Given material

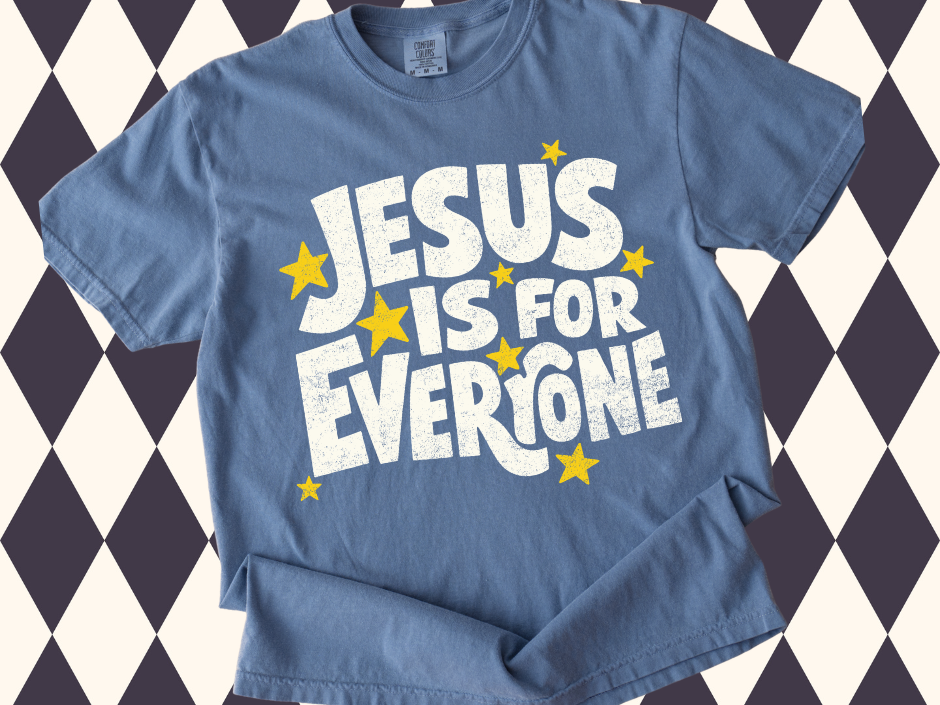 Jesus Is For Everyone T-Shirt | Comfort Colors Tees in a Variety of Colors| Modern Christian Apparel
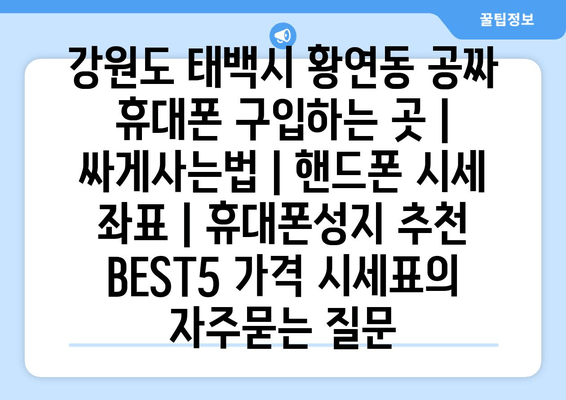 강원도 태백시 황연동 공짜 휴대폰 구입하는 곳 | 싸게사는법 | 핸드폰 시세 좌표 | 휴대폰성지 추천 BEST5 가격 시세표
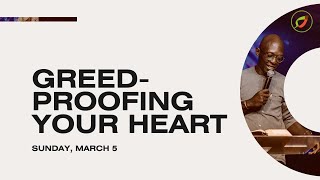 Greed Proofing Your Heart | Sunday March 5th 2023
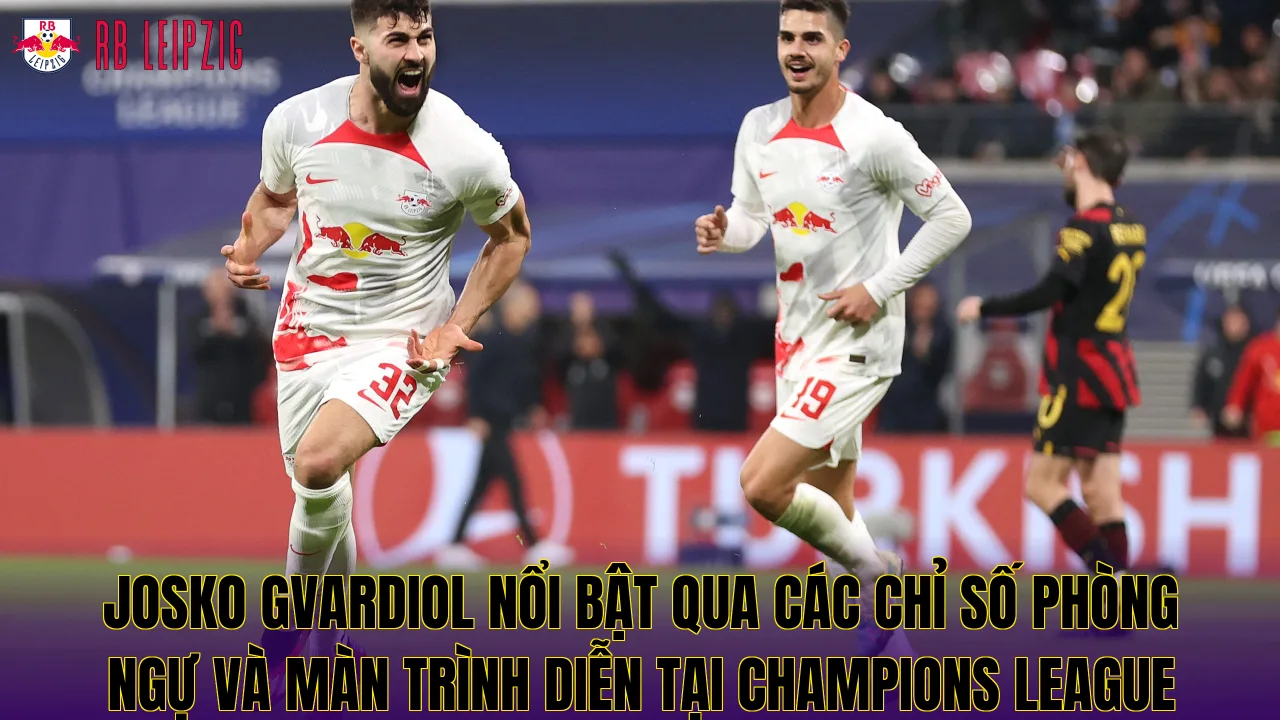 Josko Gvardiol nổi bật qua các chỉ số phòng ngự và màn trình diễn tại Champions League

Work order
Your output must consist only of the lines from the line with "Greed Proofing Your" through the final line of the data, both included, reproduced exactly and free of pictures.

Response to this task
 Greed Proofing Your Heart | Sunday March 5th 2023
 Josko Gvardiol nổi bật qua các chỉ số phòng ngự và màn trình diễn tại Champions League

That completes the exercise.